NCHRP micropile study report published – NCHRP Report 989

At long last, the report for the NCHRP micropile study performed by Erik, Dan D., and Andy is published. The report, Reliability-Based Geotechnical Resistance Factors for Axially Loaded Micropiles, is the result of a considerable research effort that aims to rework AASHTO’s micropile design methods. Highlights of the research tasks are listed below.

 

  • Compile a database of micropile load tests and organize the database by micropile type and ground conditions.
  • Develop new presumptive and predictive models for micropile design. The presumptive models are based only on micropile type and ground condition; the predictive models further consider soil or rock strength.
  • Calibrate probabilistic resistance factors for micropile design based on presumptive and predictive models, and for designs based on site-specific load tests. If adopted, the resistance factors for designs based on load tests would be the first for AASHTO to be based on probabilistic calibration rather than fitting to historical practices.

 

The report can be downloaded for free from TRB’s website:

 

https://www.trb.org/Publications/Blurbs/182710.aspx

Goethals Bridge – Up and out of the ground

(Post and photos provided by John Turner, Ph.D., P.E., D.GE of DBA.)

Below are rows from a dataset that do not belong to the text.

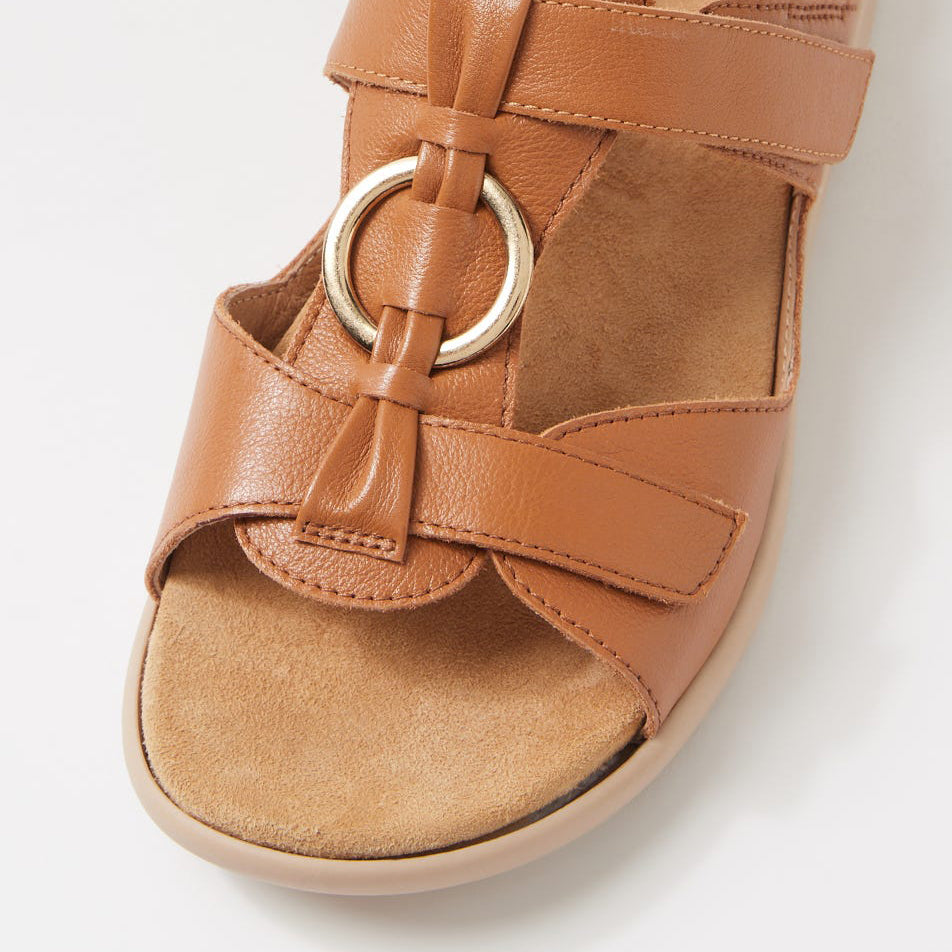 ZIERA BRISA DK TAN - Women Sandals - Collective Shoes 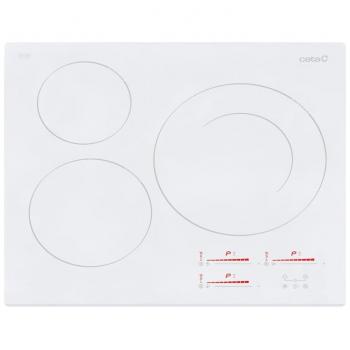 Cata INSB6030WH Placa de Inducción 3 Zonas Booster Blanco 59cm
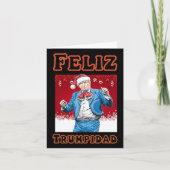Donald Trump Christmas Feliz Trumpidad Kaart (Voorkant)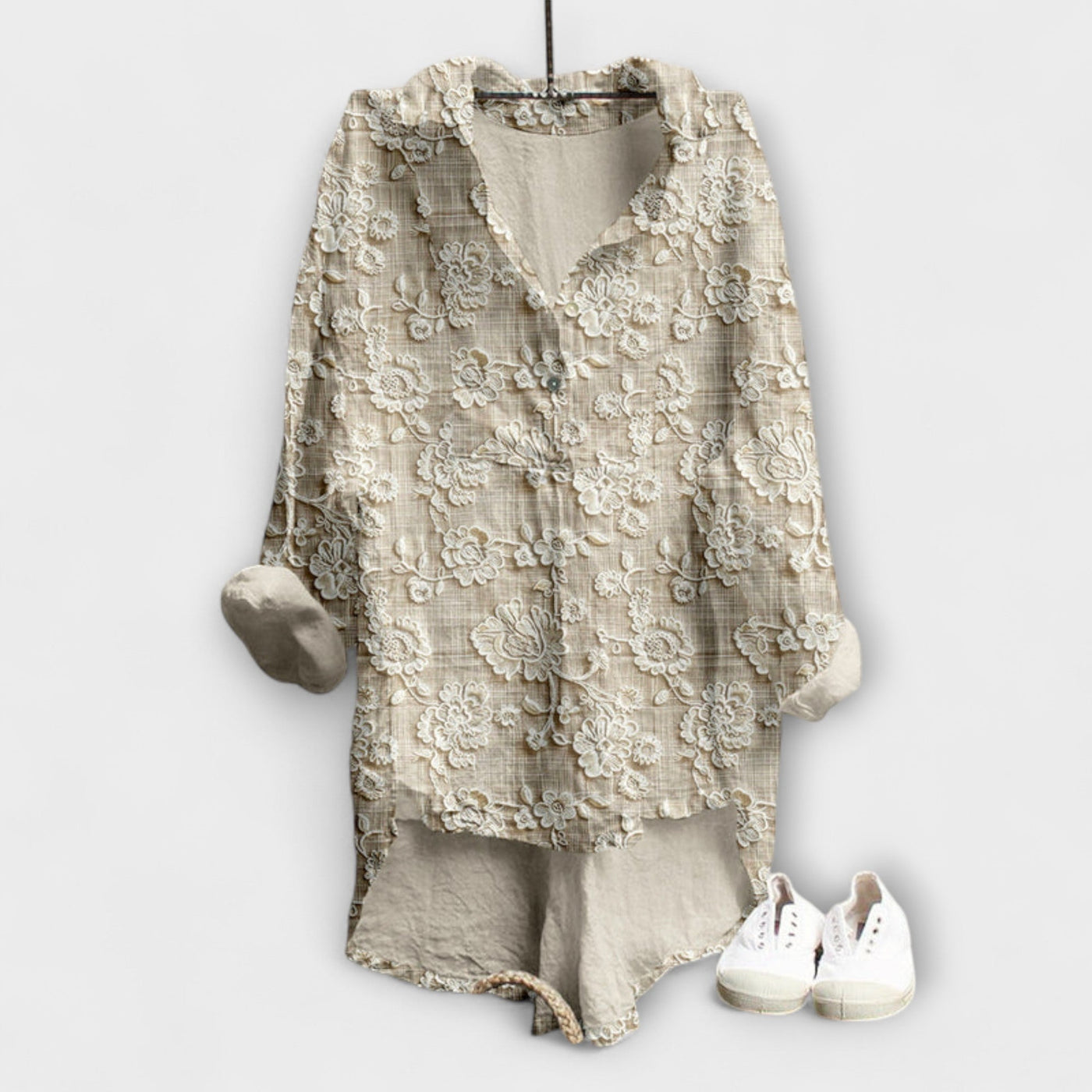 Aria | Lace Overlay Blouse
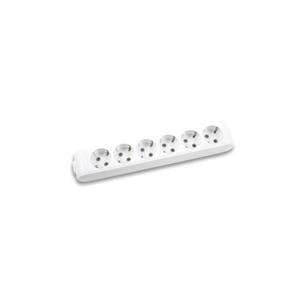 Колодка для подовжувача Panasonic X-tendia із заземленням 6 гнізд (WLTB04602GR-UA) зображення 1
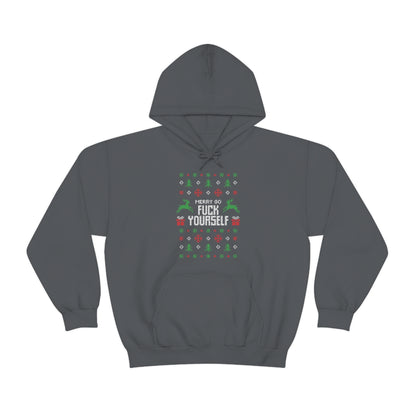 Merry Go Fuck Yourself - Unisex Hooded Sweatshirt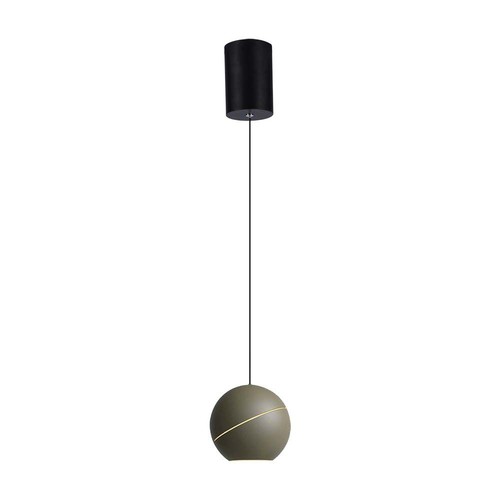 Suspension LED 8,5W, Ø12cm - Champagne or, touch on/off, 3000K, source lumineuse incl.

DBA has had the privilege to be the geotechnical/foundation engineer for the Goethals Bridge Replacement (GBR)Project, a design-build project for the Port Authority of New York & New Jersey (PANYNJ). The project will replace the existing Goethals Bridge that was built in the 1920s and carries I-278 over the Arthur Kill River between Elizabeth, New Jersey and Staten Island, New York.

Construction of drilled shafts continues as the superstructure begins to emerge over the skyline between Elizabeth, NJ and Staten Island, NY.  The new bridge will be a dual-span 1,983-ft long cable-stayed bridge with approach spans of over 2,500 ft on each side.  The bridge is supported on over 200 drilled shaft foundations ranging in diameter from 4.5 ft to 10 ft and socketed into Passaic Formation siltstone.

Goethals April 2016

The GBR is a Public-Private Partnership (P3) that represents a major milestone for the PANYNJ in its distinguished history of bridge building in the greater New York City metropolitan area.  The existing Goethals Bridge along with the Outerbridge Crossing and the Bayonne Bridge comprise the three Port Authority bridges connecting Staten Island with New Jersey.  The Goethals Bridge and the Outerbridge Crossing are cantilever truss structures and both opened on the same day in 1928. They were designed by J.A.L. Waddell under the supervision of the eminent engineer Othmar H. Ammann (1879-1965), who was the designer of many other iconic bridges in the NY City area including the Bayonne Bridge (1931), the George Washington Bridge (1931), and the Verrazano Narrows Bridge (1964).  The designer of record for the replacement Goethals Bridge is Parsons Corporation, which is the successor firm of Robinson & Steinman, whose principal David B. Steinman was also a notable NY area bridge designer and a contemporary and rival of O.H. Ammann.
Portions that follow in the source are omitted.